Watching the Global Supply Chain Competition from the lab at the University of Maryland's Robert H. Smith School of Business, Sun Microsystems' Peter Percival admits the company has a vested interest in seeing Java-based gaming evolve, but he was clearly excited to see a very practical application of many of the tools and technologies Sun had developed. The systems engineer for U.S. education and research for Sun says the gaming capability used in this first real-time global competition started with a desire to create a business simulation game that could involve users in multiple locations. The development of the T1 chip was critical to the evolution because it could process multiple, simultaneous threads of instructions.

During development of the Distributor Game used in the competition, Sun provided its latest chip technology, its latest operating system, and the latest version of Java along with a year of expertise and "Java skills." Ultimately Sun also provided some hardware; the "big iron" in the backroom that is part of its heritage, but Percival focused more on the other aspects of support Sun could provide.

Anecdotally, he says Sun's involvement in gaming intensified when Chris Melissinos went to the company's CEO and said it needed a chief gaming officer. The reply: "OK, you're it." That move matched well with the education and research group in Sun and the simulation work the Smith Business School was doing with Delft University of Technology in the Netherlands. Delft's work in simulation brought Alexander Verbraeck and Stijn-Pieter A. van Houten into the project, and the Distributor Game was on its way to becoming a major global event.

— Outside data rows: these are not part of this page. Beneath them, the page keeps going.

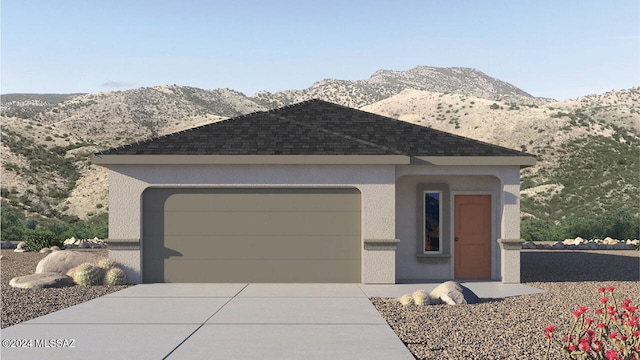 ranch-style house featuring a mountain view, a shingled roof, a garage, concrete driveway, and stucco siding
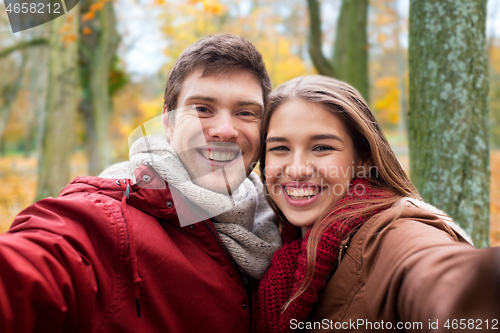 Image of happy young couple taking selfie in autumn park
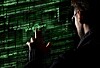 Silhouette of spy discerning password from code uses a command on graphic user interface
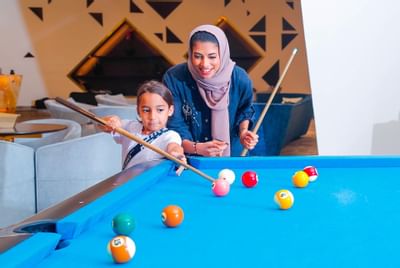 Mother and son playing Billiard at Bay La Sun Hotel & Marina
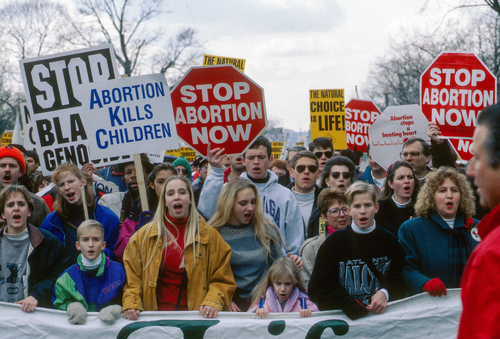 Protesters holding anti-abortion signs at a rally.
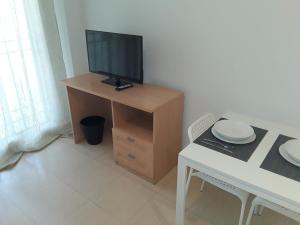 Televízia a/alebo spoločenská miestnosť v ubytovaní Fan Flat Torremolinos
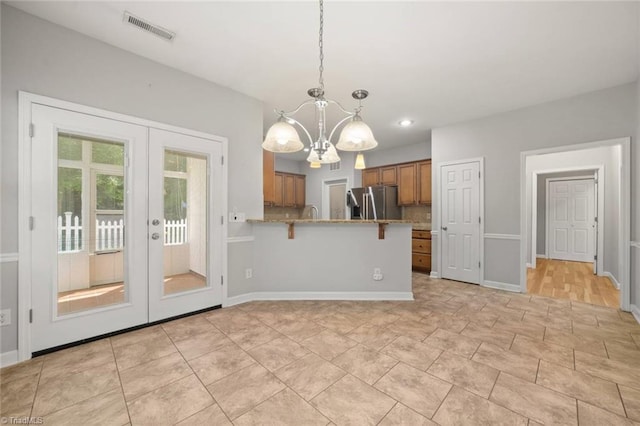 kitchen featuring visible vents, stainless steel refrigerator with ice dispenser, a chandelier, brown cabinets, and french doors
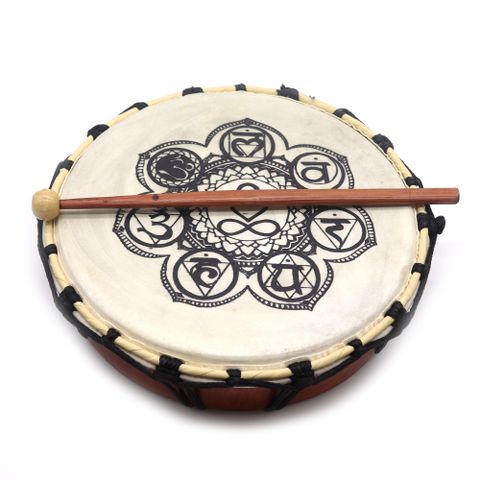 Discover harmony in every beat with the 25cm Chakra Shamanic Drum with Stick – a sacred instrument that balances body, mind, and spirit. Crafted from sustainable Suar wood and authentic goat skin, this drum resonates with rich, earthy tones that transport the soul. Intricate Chakra symbols adorn the surface, inviting spiritual alignment and holistic healing.

Whether used in rituals, meditation, sound therapy, or as a spiritual décor piece, this drum makes a powerful addition to any sacred space.

Features:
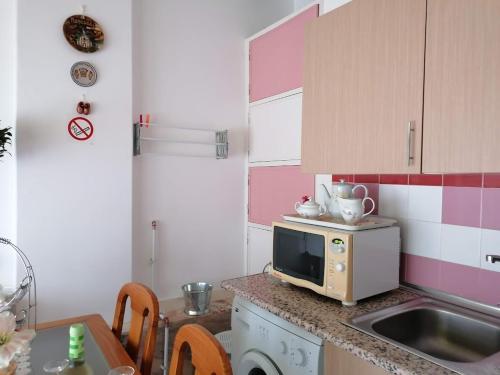 a kitchen with a sink and a microwave on a counter at Lisbon Coast Flat in Quinta de Santo António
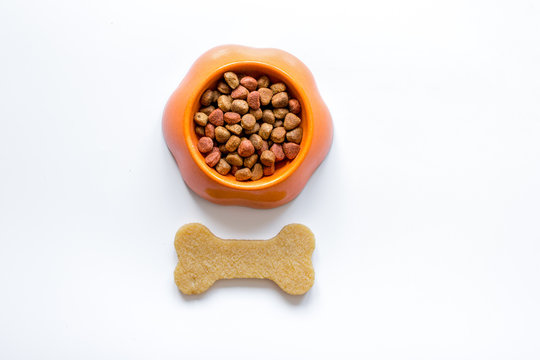 Dry Dog Food In Bowl On White Background Top View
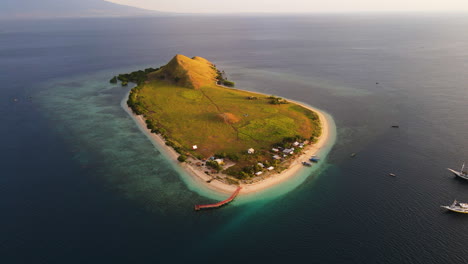 sunset scenery of kenawa island in sumbawa, indonesia - aerial shot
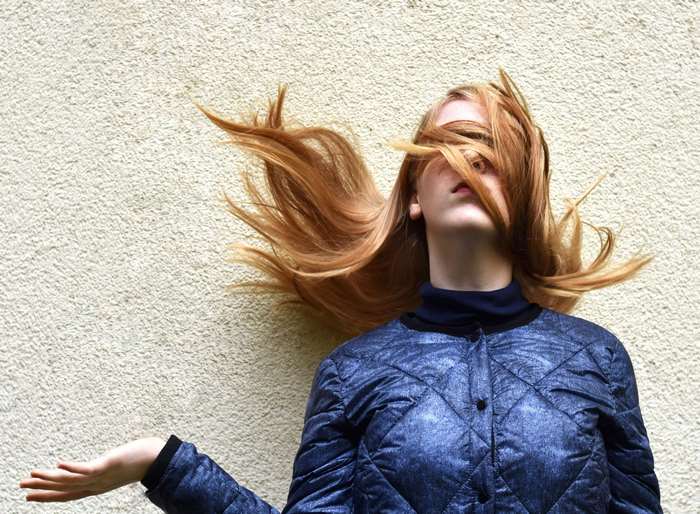 Young woman with red hair flying in the wind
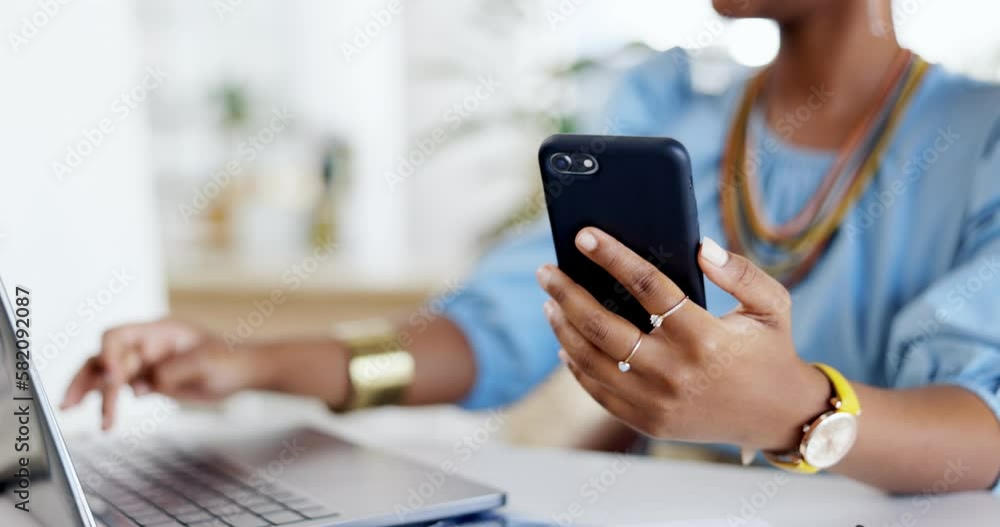 Phone, laptop and hands typing in office for research, planning or social media. Technology, cellphone and black woman with smartphone for business networking, internet browsing and web scrolling. Phone, laptop and hands typing in office for research, planning or social media. Technology, cellphone and black woman with smartphone for business networking, internet browsing and web scrolling.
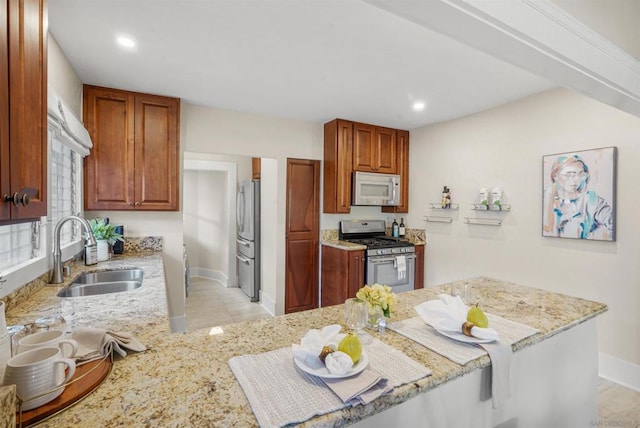 kitchen with light stone counters, sink, stainless steel appliances, and kitchen peninsula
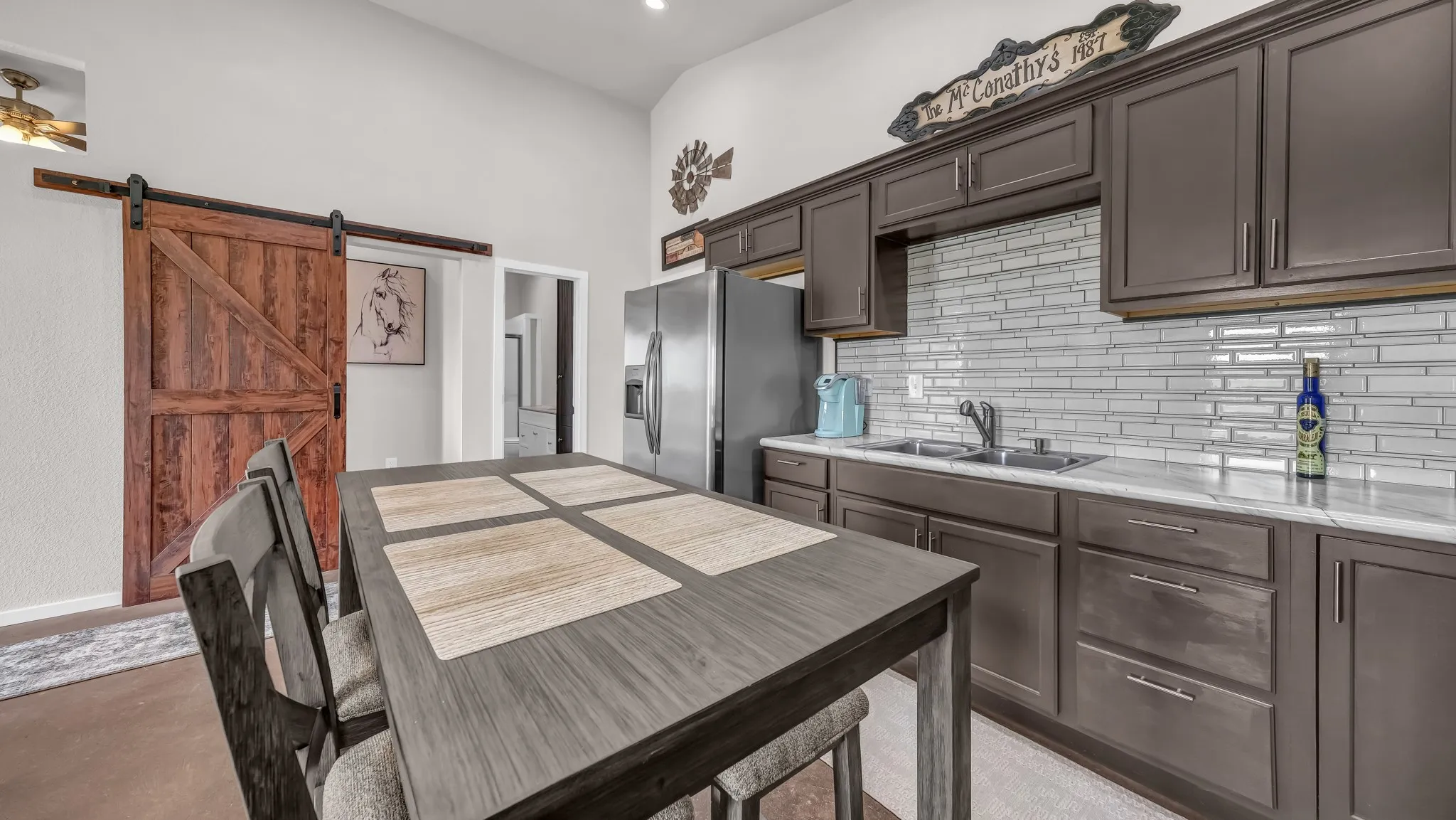 Kitchen with decorative backsplash, stainless steel refrigerator with ice dispenser, a barn door, dark brown cabinets, and finished concrete floors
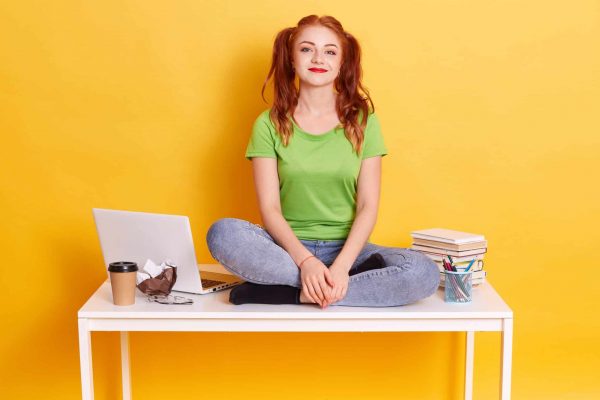 Young red haired female student sitting on white table with crossed legs, funny lady with ponytails studying, looking at camera, wearing casual clothing.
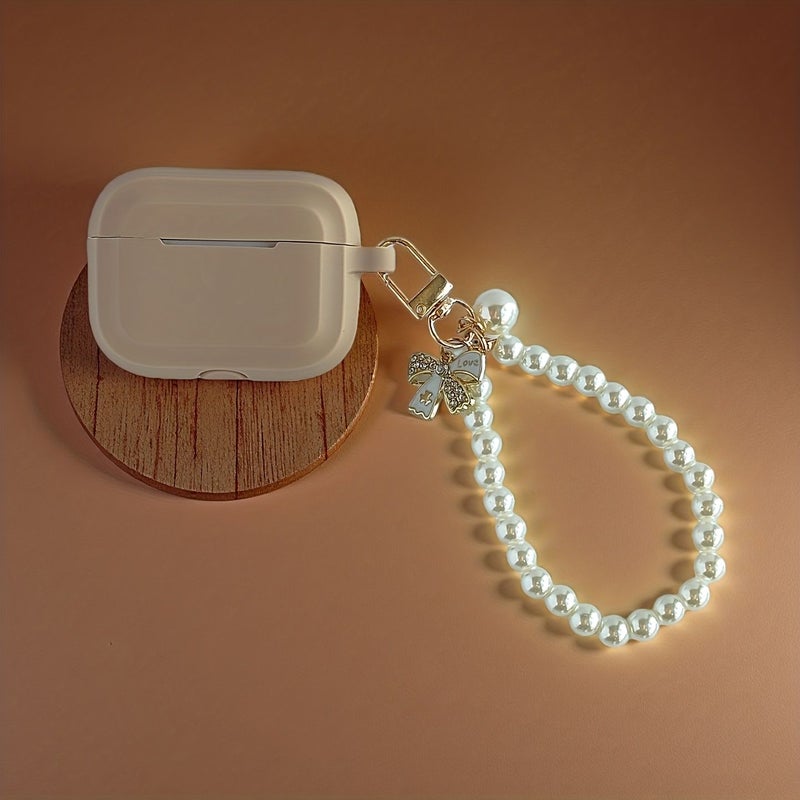 حافظة خفيفة باللون البني الفاتح لـ AirPods 4 مع سلسلة مفاتيح ناعمة مقاومة للصدمات مزينة بقلادة قوس لؤلؤي - Image 5
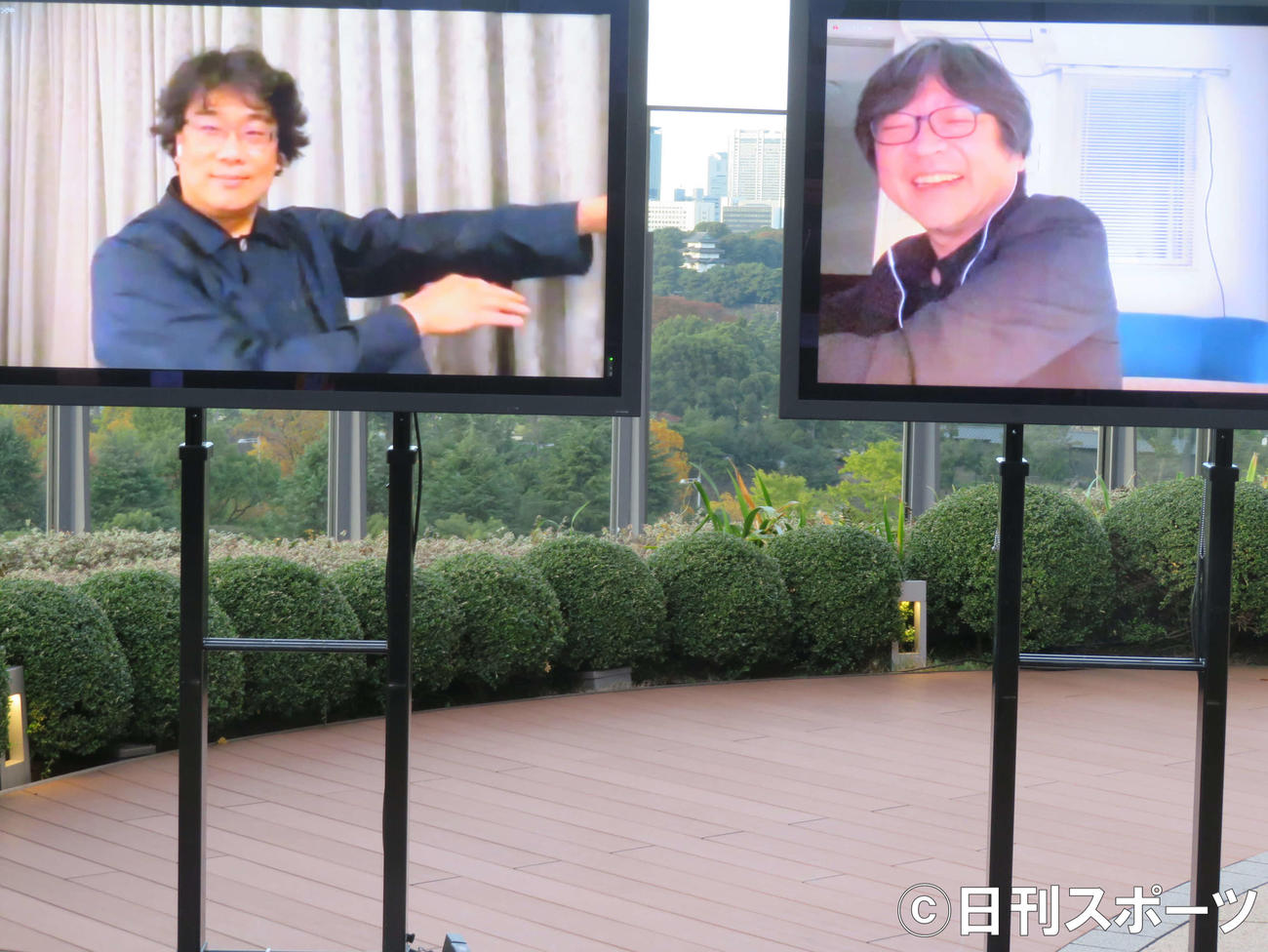 東京国際映画祭「トークシリーズ＠アジア交流ラウンジ」でオンラインで対談後、画面越しに抱き合うポーズをするポン・ジュノ監督（左）と細田守監督（撮影・村上幸将）
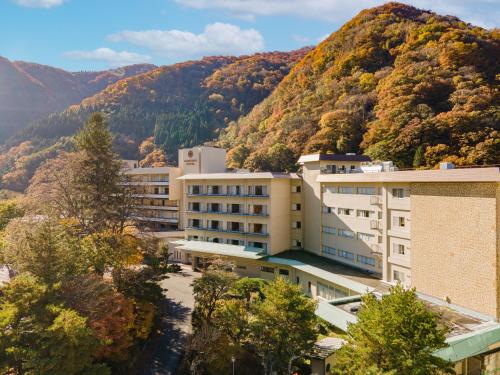 a view of a building with mountains in the background at KAMENOI HOTEL Akita Yuze in Kazuno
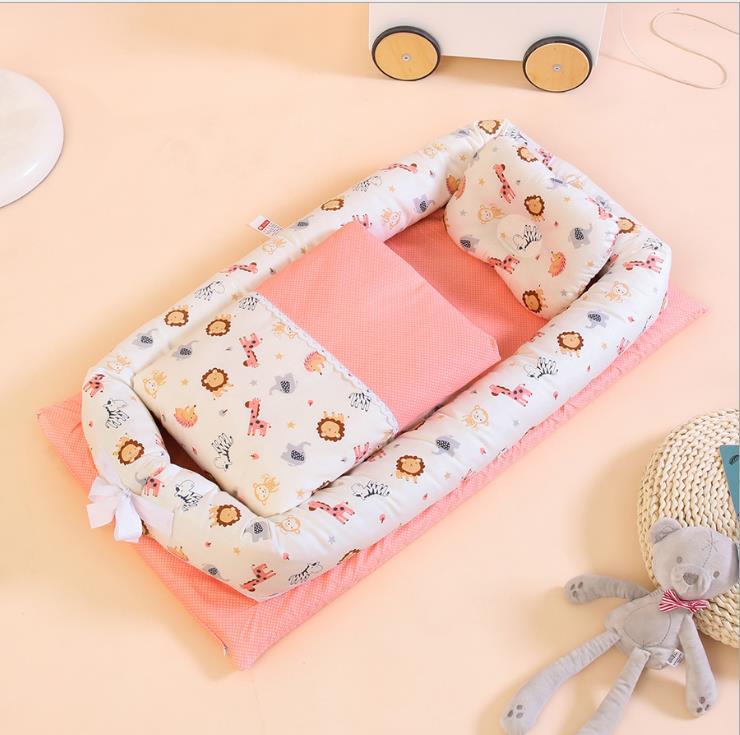 Baby nest with white animal print sides, pink inner padding, and two pillows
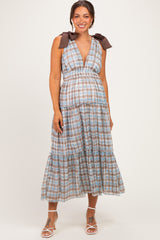 woman wearing a brown and blue checkered maternity dress with tied straps and a flowing midi skirt, highlighting her baby bump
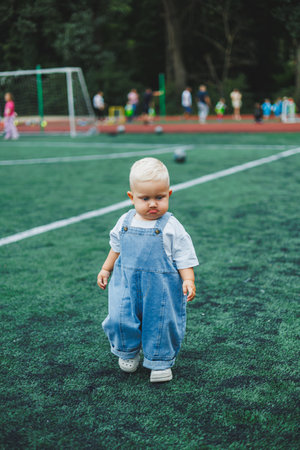 A one-year-old blond boy in a t-shirt and denim dungarees walks in the fresh air. Self-development of the child.の写真素材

The genus of the Distributor Game was research originally conducted for and financed by the U.S. Department of Defense (DOD). In 1999 the Smith Business School and Delft University of Technology were involved in research into developing real-time, Web-based "control panels" to manage global supply chains for DOD. From 2002 to 2005, The Smith School and Delft expanded the first model into a number of user-friendly simulation models. During this time, the team partnered with Sun Microsystems' iForce Center to develop a Java-based simulation.

The first incarnation of the Distributor Game was a single personal-computer-based game loaded onto desktop systems from a compact disk. Next, it moved to a local area network where multiple users could compete.

Business School Dean Howard Frank said from the start he had emphasized the need to be net centric. Using Sun Microsystems T-2000 servers donated by the company, the project was able to reach its goal of providing a globally linked simulation tool. At the time of the global competition in March, the Smith Business School could claim 320 MBA students had used it, including executive MBA candidates who were already working in the field.